“I am going to kill you,” Ross McKinley said in a low growl, quiet enough that only Lee heard him. Picking up the short tumbler, he knocked the Scotch back in one gulp. He took a sharp breath as the heat of it caught him off guard, burning his already raw throat. If there was one thing he did enjoy about being back in Aberdeen, it was the opportunity to drink decent, authentic Scottish whiskey.

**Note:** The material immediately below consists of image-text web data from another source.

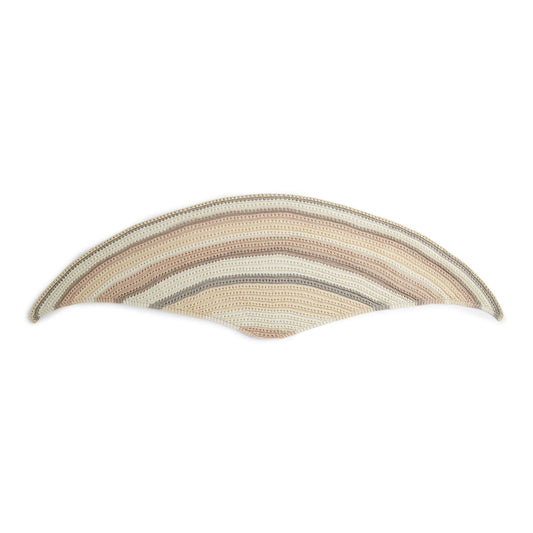 Caron Knit Crescent Shape Shawl Pattern | lace, rows, self-striping
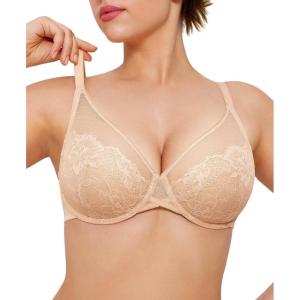 image:imagePopilush Bras for Women Lace Minimizer Underwire Bra Unlined Full Coverage with Comfortable Lift for Large BustWarm Beige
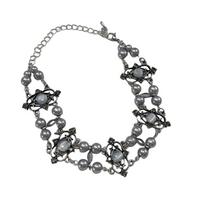 Sweet Pearl Beads Choker Hollow Pearl Metal Necklace Adjustable Women Collarbone Chain  Daily pilka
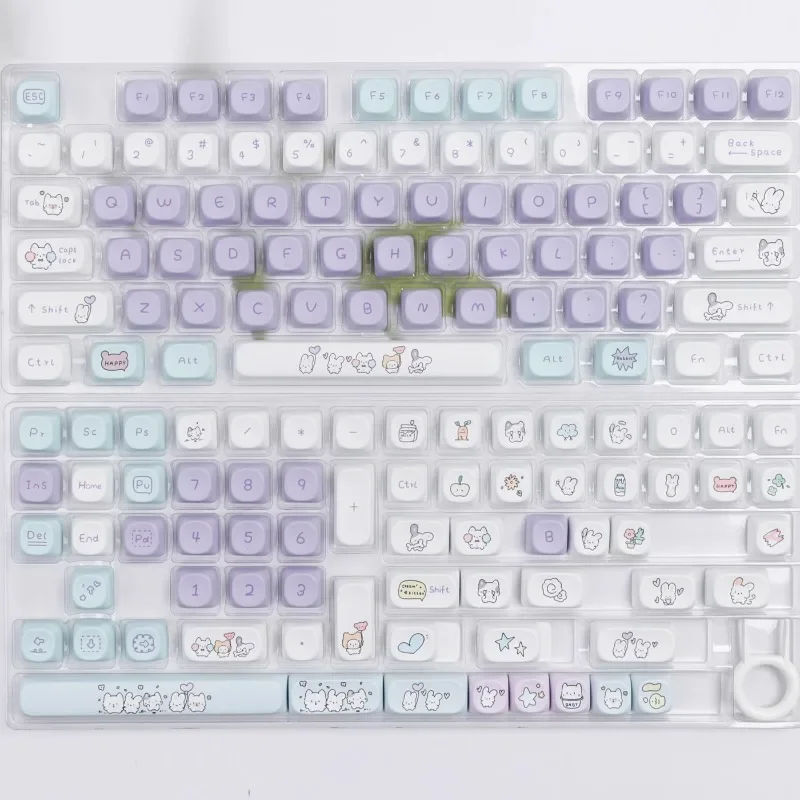 Kleine Konijnen Partij Keycaps 142 Key Pbt Sublimatie Moa Profiel Aangepaste Keycaps Gaming Mechanische Toetsenbord Accessoires Geschenken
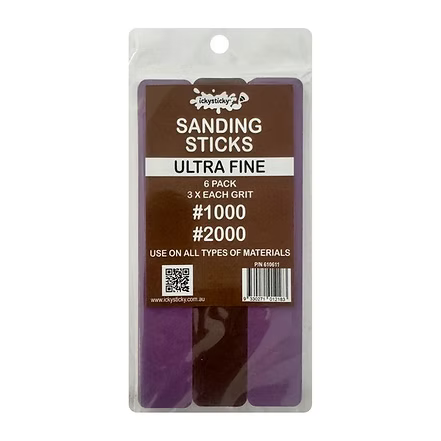 Ickysticky Sanding Sticks ULTRA FINE - #1000 / #2000 (6pce) 610611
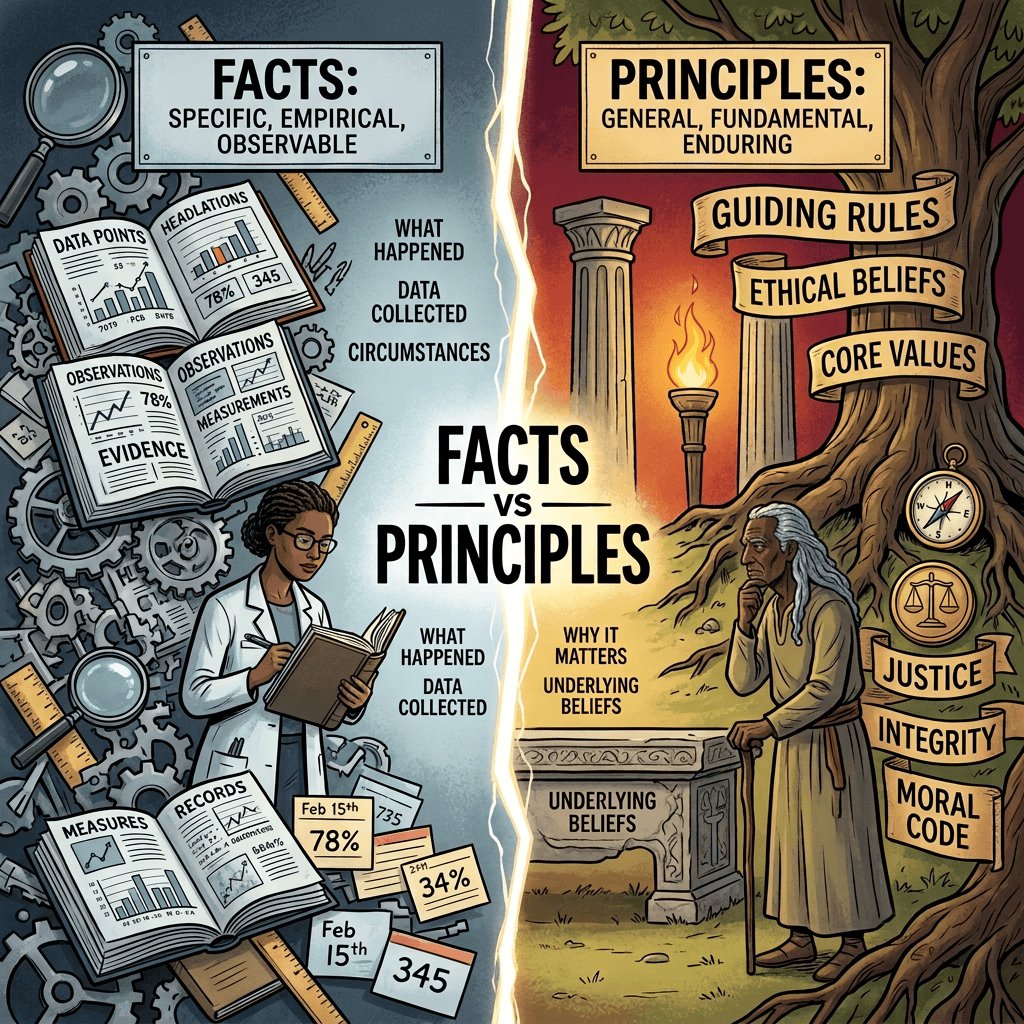Illustration comparing specific observable facts with general enduring principles and ethical values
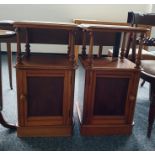 Pair of 20th century bedside tables, the moulded tops supported by four turned supports, above a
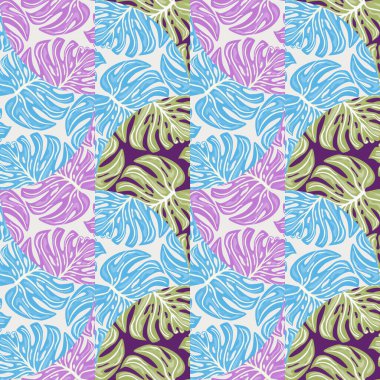 Doodle monstera mosaic seamless pattern. Botanical leaf endless wallpaper. Creative palm leaves tile. Designed for fabric design, textile print, wrapping, cover. Vector illustration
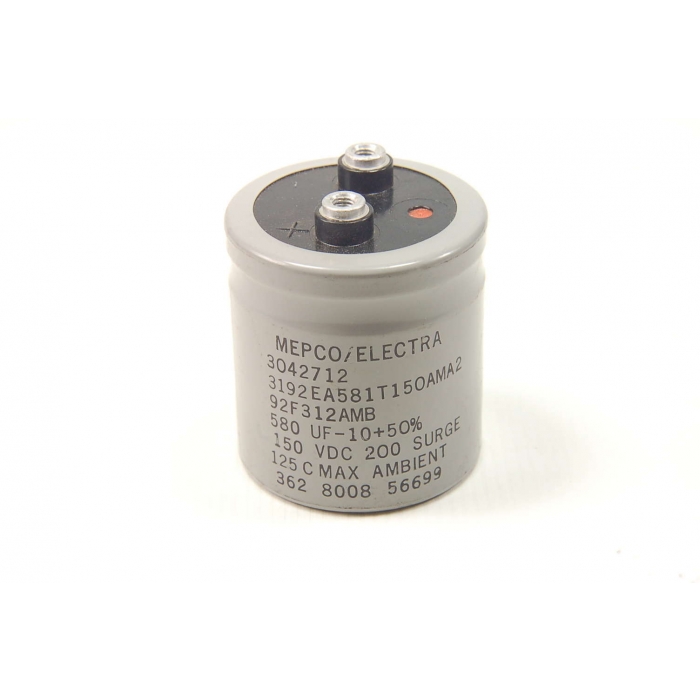 Mepco/Electra - 3192EA581T150AMA2 - Capacitor, electrolytic. 580uF 150VDC.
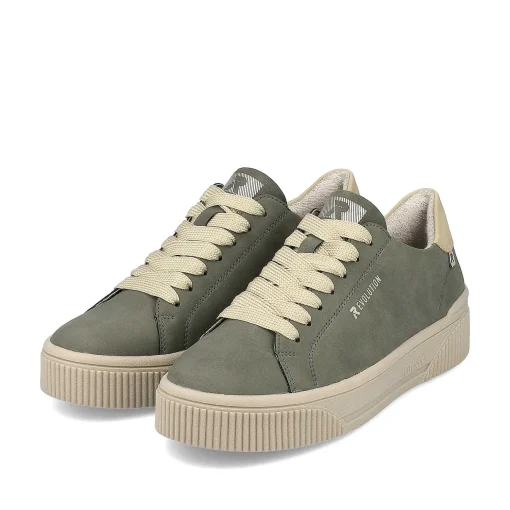 Rieker Damesneaker Lav Khaki-Gron Creme-Beige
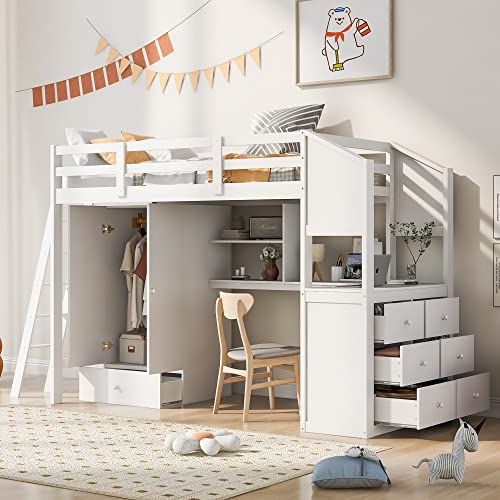 BIADNBZ Twin Size Loft Bed with Storage Wardrobe and Drawers, Wood Loftbed Frame w/Desk and Shelves for Kids/Boys/Girls/Teens Bedroom, White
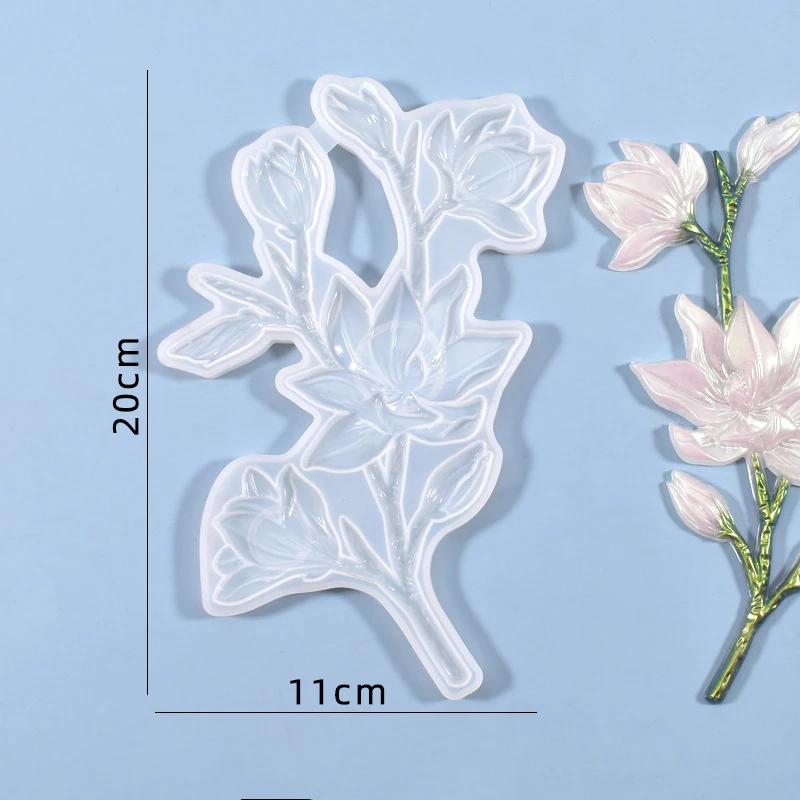 

2Pcs Creative and Beautiful Simulation Flower Branch Table Jewelry Silicone Diy Crystal Glue Mold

“Oh, don’t be so dramatic, Mr McKinley.” His personal assistant didn’t look scared by his threat. She sat on her bar stool, sniggering into her drink.
“I swear to God, Lee...” he continued, turning to survey the room. He placed his elbows on the bar and leaned back. “What the hell have you got me into?”
She didn’t answer, finishing her drink instead. She didn’t need to respond. Technically it wasn’t her fault. It was Anna’s.
Ross watched as the other guests socialised, chatting amongst themselves. Waiters and waitresses dressed in black trousers and white shirts handed out hors d’oeuvres and glasses of sparkling wine with a couple of raspberries in the bottom. He grabbed one as a waiter walked past, drained the glass, leaving the fruit, and put it on the bar more forcefully than necessary. He checked his watch. Six o’clock. It was going to take much more alcohol to get him through the next six hours.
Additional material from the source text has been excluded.